The first guest to ring the bell was Leonard Ross, a 10-year old boy who had won a television quiz show answering questions about the stock market in 1956.
Leonard Ross’s achievement notwithstanding, the practice of guests ringing the bell didn’t pick up steam until the 1990s. Today, the honor is most often granted to officials at companies undertaking an initial public offering at the Exchange, or a spinning off a business unit, but celebrities associated with NYSE-listed companies, officials at charities, and world leaders, including Tony Blair and Nelson Mandela, have rung the bell, too.
To “ring” the bell, one must hold down a button on the podium for a specified amount of time. In the mornings, traditionally, the button is held for 10 seconds (for the ringing to last 10 seconds) and at the close of trading, at 4 p.m. ET, the button is held for 15 seconds.
If the person ringing the bell fails to hold the button for the correct amount of time, boos tend to emanate from the trading floor, no matter how famous the bell ringer.

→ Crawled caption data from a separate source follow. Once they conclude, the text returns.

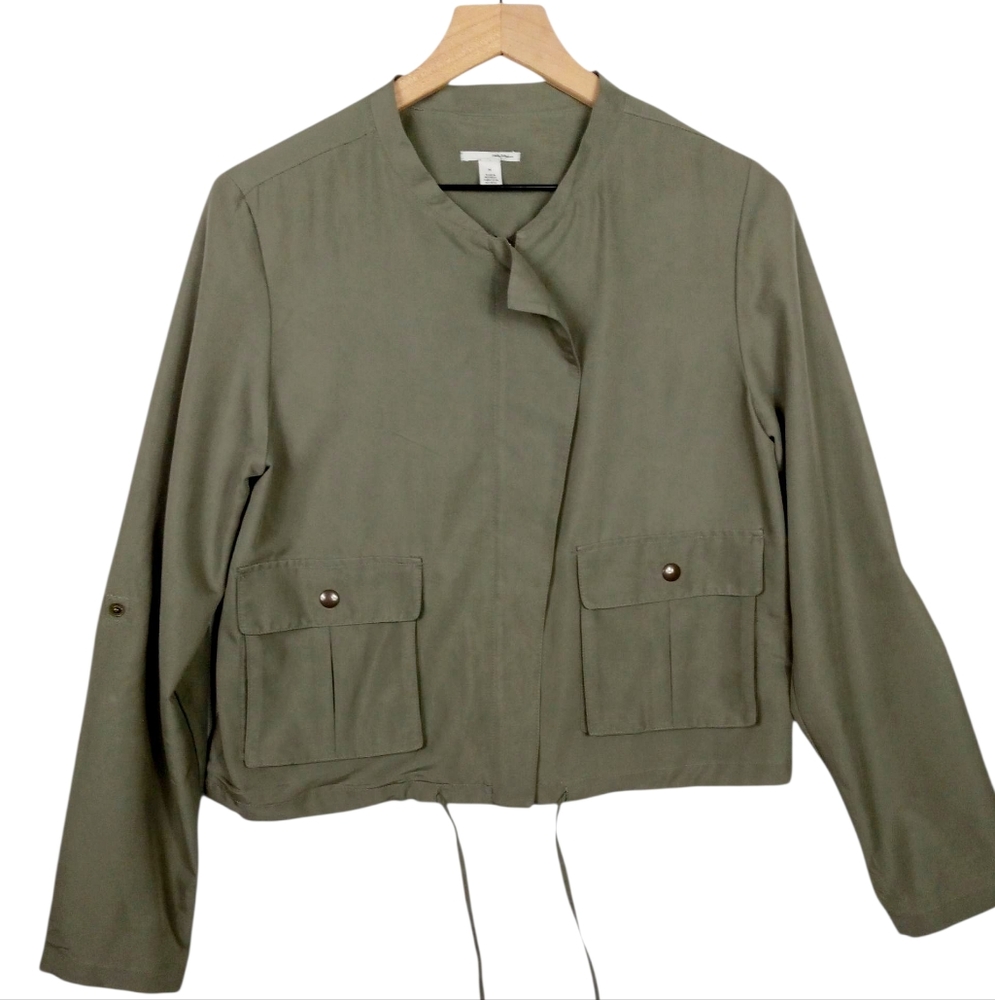 Haglogen Utility Jacket Size Medium with large pockets 20in Pit to Pit 21in Long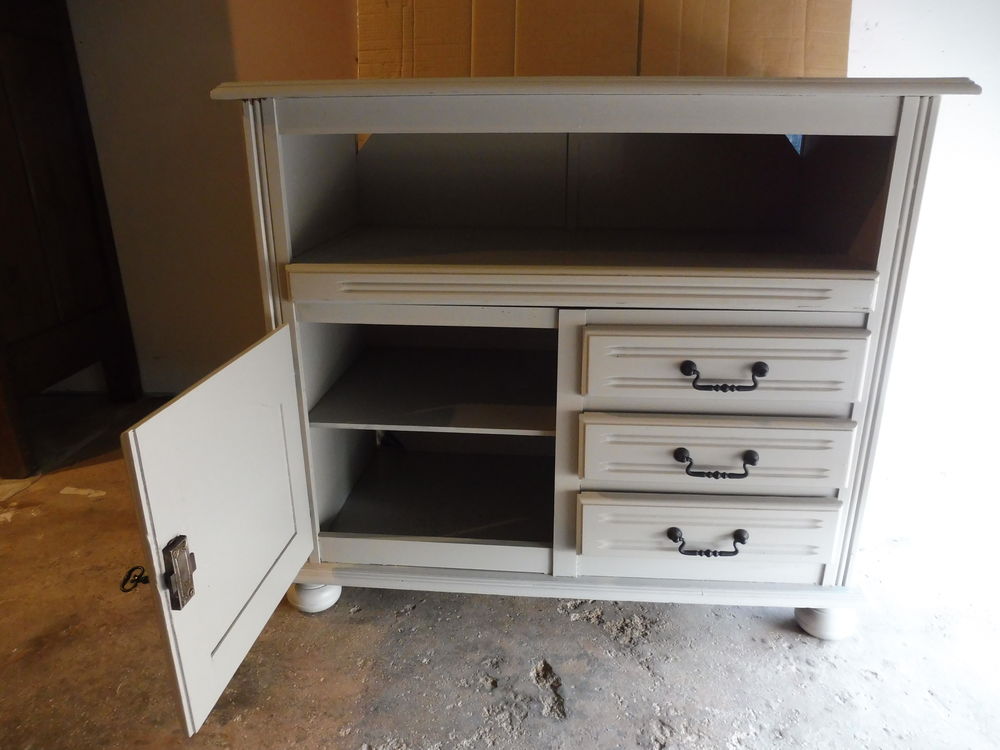 MEUBLE TELE RELOOKE Meubles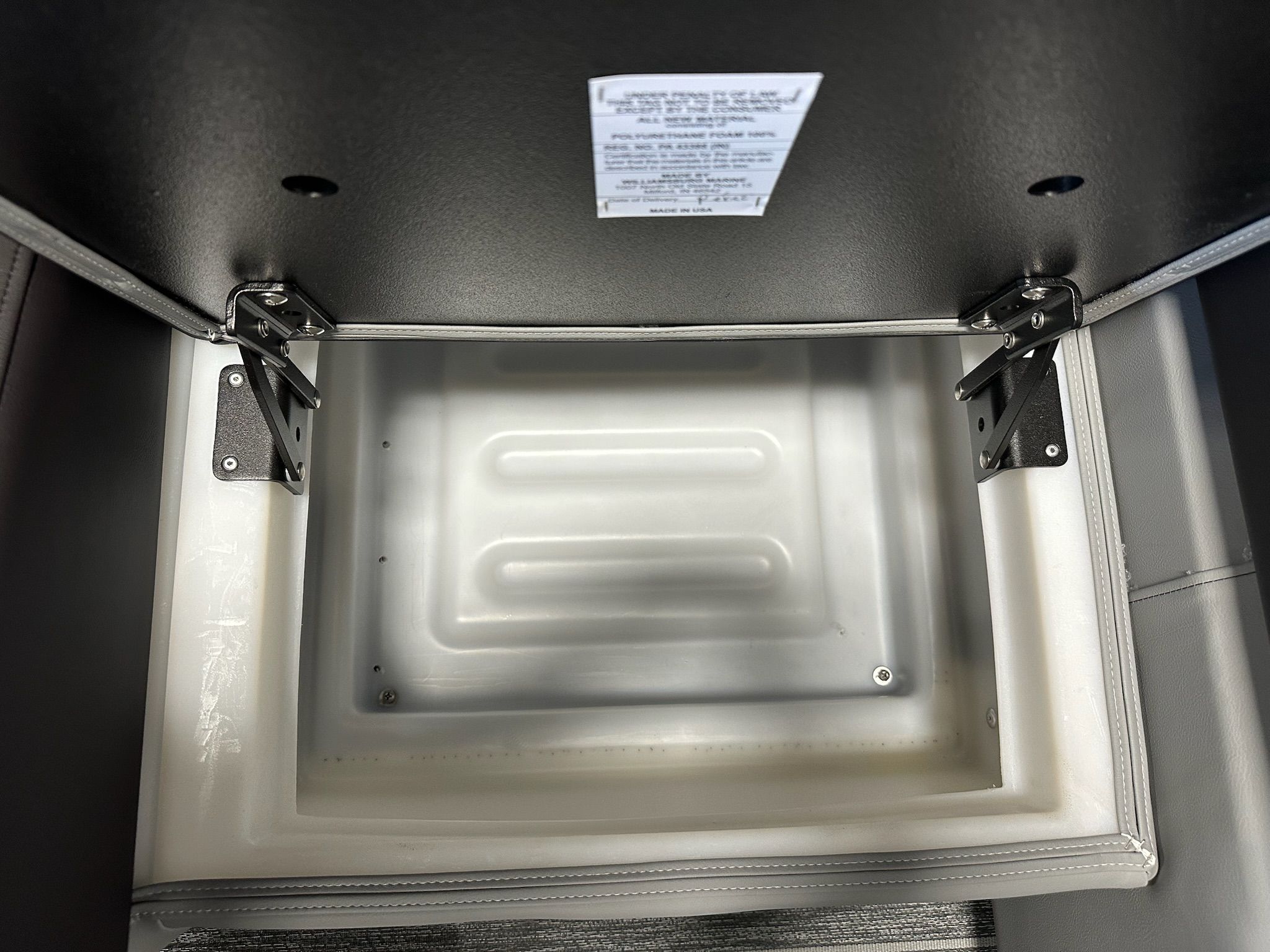 2026 Premier 210SUNSATION Image Thumbnail #21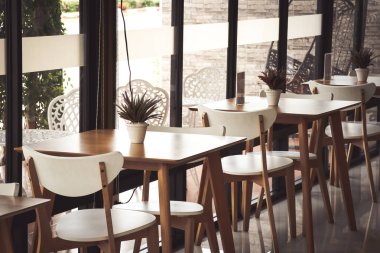 bir kahve dükkanı masanın üzerine yerleştirilen ağaç tencere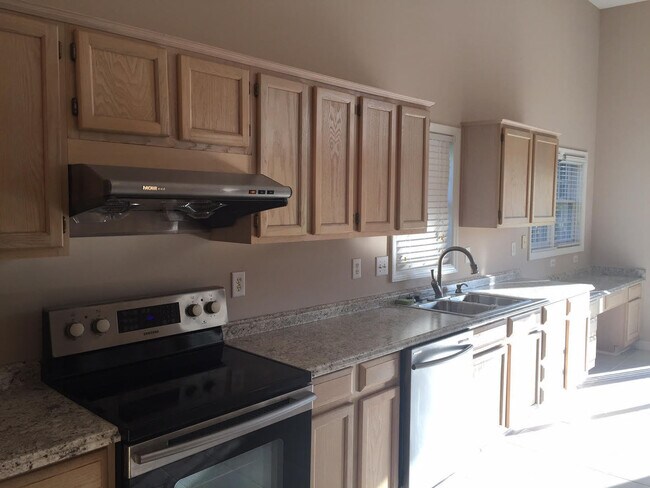 Foto del edificio - Elegant 4 Bedroom 2.5 Bath House w/ Primary Suite on 1st Floor + a Fenced-in Backyard @ Park Vill...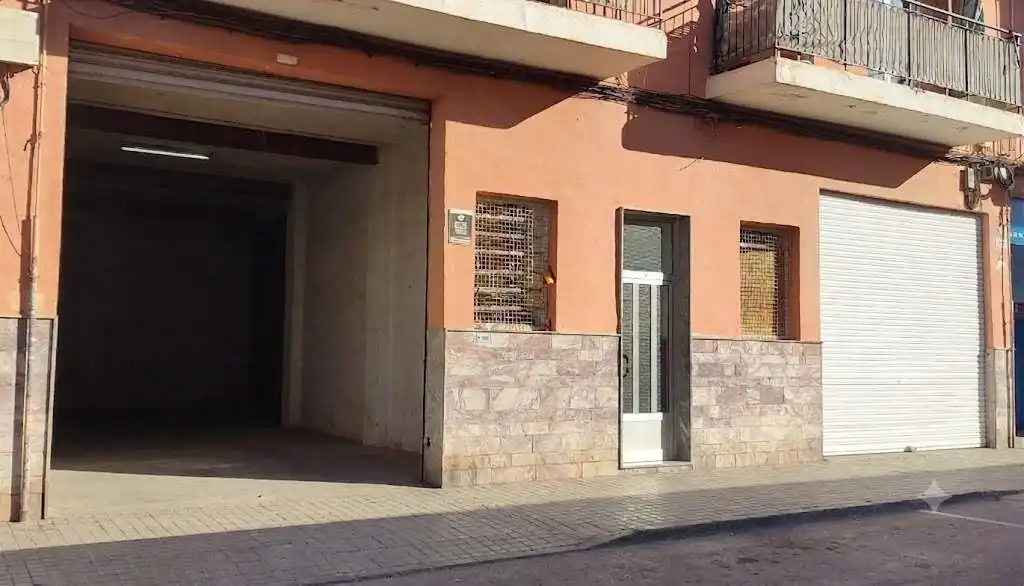 Vista exterior de Local en venda en Elche / Elx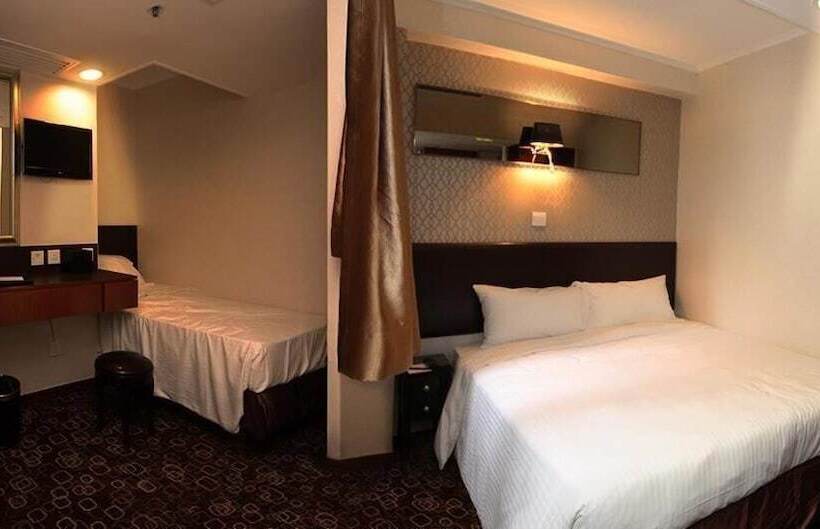 Lander Hotel Prince Edward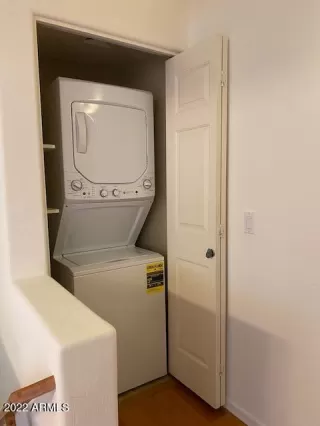 Photo #4: 6345100 Listing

The NYSE holds a trademark on the sound of the bell. An expert who analyzed the bell’s sound for the trademark registration gave the following description: “The mark consists of the sound of a brass bell tuned to the pitch D, but with an overtone of D-sharp, struck nine times at a brisk tempo, with the final tone allowed to ring until the sound decays naturally. The rhythmic pattern is eight 16th notes and a quarter note; the total duration, from the striking of the first tone to the end of the decay on the final one, is just over 3 seconds.”
The bell installed during the bell podium’s renovations is brand new, but still pays homage to the NYSE’s history: the new bell is a replica of the last bell installed at the podium in 1903.
In addition to the bell at the NYSE podium, there are three permanently installed bells in the NYSE building, plus two portable bells. In a newer NYSE tradition, the portable bells are rung to mark the very first trade of a company’s stock following its IPO.